- _Supplied entries_:

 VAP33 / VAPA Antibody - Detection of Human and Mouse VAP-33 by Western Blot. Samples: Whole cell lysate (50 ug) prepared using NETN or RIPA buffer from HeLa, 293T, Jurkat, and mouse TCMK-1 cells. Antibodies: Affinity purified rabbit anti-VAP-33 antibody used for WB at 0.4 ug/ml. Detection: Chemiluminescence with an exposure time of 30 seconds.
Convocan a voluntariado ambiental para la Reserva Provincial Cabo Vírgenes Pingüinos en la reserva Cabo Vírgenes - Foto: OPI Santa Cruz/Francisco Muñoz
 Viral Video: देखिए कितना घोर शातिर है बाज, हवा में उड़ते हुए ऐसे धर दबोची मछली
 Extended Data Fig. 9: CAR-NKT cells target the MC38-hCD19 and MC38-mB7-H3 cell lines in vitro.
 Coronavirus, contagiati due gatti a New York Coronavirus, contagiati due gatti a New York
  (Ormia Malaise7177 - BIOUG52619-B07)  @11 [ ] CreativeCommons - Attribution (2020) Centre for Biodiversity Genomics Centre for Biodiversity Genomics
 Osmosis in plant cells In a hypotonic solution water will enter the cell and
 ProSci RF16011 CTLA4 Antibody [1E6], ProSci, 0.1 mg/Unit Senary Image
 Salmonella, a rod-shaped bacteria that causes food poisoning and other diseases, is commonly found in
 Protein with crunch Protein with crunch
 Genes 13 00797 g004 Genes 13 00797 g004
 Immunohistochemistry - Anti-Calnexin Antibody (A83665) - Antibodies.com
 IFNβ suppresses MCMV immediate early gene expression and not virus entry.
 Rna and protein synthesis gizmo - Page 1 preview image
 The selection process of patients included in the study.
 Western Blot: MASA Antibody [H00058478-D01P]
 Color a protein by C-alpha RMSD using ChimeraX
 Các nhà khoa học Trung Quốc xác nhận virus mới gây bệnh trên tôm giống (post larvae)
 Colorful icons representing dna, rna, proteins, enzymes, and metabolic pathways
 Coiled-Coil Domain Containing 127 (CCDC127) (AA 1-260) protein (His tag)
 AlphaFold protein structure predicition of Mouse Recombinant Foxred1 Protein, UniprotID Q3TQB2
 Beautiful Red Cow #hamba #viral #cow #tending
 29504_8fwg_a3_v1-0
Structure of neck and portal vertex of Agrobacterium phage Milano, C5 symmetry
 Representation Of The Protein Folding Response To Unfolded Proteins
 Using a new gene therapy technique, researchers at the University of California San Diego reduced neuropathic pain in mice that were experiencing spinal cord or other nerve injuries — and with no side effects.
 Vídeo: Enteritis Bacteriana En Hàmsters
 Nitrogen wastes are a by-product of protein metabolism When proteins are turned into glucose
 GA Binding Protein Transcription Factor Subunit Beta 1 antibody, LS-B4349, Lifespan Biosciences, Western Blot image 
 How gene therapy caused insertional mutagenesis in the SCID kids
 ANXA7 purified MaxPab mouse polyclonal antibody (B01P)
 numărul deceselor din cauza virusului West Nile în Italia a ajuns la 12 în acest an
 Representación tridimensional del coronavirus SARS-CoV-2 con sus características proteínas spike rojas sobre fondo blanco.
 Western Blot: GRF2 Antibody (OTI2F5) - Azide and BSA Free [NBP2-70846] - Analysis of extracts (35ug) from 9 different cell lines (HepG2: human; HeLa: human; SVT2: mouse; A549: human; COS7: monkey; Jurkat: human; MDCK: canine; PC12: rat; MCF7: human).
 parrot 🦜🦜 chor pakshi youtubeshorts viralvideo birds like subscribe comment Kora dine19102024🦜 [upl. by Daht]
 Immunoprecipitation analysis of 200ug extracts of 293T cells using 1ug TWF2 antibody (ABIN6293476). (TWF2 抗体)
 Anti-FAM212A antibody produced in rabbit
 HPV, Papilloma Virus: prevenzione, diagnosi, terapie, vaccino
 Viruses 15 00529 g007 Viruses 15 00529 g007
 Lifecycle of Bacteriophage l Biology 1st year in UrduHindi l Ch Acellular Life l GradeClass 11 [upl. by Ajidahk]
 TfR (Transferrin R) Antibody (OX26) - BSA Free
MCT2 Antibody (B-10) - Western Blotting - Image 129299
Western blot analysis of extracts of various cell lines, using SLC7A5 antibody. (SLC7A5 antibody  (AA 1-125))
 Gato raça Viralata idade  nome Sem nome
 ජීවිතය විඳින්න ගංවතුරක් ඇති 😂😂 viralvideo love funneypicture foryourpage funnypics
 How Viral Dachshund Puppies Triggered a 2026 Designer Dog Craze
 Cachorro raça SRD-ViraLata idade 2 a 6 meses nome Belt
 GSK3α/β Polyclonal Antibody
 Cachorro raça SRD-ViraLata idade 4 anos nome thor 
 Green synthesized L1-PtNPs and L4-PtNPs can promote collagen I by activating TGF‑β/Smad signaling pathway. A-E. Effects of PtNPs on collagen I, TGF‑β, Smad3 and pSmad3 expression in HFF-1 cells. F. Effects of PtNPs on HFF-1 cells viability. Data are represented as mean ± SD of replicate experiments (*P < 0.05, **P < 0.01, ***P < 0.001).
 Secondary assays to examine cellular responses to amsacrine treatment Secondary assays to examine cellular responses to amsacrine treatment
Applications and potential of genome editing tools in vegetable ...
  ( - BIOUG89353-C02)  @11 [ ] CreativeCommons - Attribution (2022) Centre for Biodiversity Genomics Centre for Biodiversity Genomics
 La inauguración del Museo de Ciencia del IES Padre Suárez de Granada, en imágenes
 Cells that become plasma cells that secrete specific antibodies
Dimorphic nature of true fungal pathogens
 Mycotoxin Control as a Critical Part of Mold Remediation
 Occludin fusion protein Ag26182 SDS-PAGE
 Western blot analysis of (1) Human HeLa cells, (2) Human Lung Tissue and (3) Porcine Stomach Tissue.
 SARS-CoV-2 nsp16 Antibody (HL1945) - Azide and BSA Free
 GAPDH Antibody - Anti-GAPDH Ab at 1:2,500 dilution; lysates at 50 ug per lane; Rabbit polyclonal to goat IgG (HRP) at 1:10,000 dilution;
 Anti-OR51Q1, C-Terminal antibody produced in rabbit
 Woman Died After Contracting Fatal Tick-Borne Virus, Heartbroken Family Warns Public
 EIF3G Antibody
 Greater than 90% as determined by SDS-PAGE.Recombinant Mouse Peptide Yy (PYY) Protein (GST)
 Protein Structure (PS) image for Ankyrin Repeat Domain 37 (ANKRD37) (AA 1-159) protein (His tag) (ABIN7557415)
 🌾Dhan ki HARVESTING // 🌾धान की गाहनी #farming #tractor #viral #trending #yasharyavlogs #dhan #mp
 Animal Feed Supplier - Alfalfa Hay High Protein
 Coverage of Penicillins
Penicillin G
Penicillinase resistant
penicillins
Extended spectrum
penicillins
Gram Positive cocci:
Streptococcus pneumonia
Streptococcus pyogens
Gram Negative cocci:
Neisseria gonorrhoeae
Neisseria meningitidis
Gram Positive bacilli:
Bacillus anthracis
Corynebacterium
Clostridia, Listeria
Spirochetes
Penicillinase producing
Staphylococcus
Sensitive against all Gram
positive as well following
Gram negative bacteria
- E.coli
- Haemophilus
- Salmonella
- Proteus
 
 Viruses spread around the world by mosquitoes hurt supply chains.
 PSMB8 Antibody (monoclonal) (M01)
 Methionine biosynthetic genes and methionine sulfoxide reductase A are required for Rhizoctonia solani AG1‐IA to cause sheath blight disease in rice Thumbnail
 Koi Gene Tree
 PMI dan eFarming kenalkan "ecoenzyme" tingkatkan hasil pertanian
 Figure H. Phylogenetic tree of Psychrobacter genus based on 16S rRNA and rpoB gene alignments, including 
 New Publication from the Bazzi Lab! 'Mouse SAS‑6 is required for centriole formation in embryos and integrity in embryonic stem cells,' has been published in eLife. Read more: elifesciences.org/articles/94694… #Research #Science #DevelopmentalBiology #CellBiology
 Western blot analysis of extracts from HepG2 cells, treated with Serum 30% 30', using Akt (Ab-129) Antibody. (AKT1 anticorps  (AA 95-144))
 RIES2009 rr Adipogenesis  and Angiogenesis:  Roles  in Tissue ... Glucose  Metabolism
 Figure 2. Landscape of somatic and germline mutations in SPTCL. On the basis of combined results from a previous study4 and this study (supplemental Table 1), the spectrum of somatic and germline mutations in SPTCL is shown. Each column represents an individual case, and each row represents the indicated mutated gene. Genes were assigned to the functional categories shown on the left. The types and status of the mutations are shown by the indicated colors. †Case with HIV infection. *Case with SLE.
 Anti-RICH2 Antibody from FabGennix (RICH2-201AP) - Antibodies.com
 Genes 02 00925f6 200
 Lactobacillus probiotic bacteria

- _Task description_: Reproduce exactly the lines of the records above from the one with "Western blot analysis of extracts from" to the one with "Genes 02 00925f6 200", both included, and leave out everything else.

- _Response area_:
 Western blot analysis of extracts from HepG2 cells, treated with Serum 30% 30', using Akt (Ab-129) Antibody. (AKT1 anticorps  (AA 95-144))
 RIES2009 rr Adipogenesis  and Angiogenesis:  Roles  in Tissue ... Glucose  Metabolism
 Figure 2. Landscape of somatic and germline mutations in SPTCL. On the basis of combined results from a previous study4 and this study (supplemental Table 1), the spectrum of somatic and germline mutations in SPTCL is shown. Each column represents an individual case, and each row represents the indicated mutated gene. Genes were assigned to the functional categories shown on the left. The types and status of the mutations are shown by the indicated colors. †Case with HIV infection. *Case with SLE.
 Anti-RICH2 Antibody from FabGennix (RICH2-201AP) - Antibodies.com
 Genes 02 00925f6 200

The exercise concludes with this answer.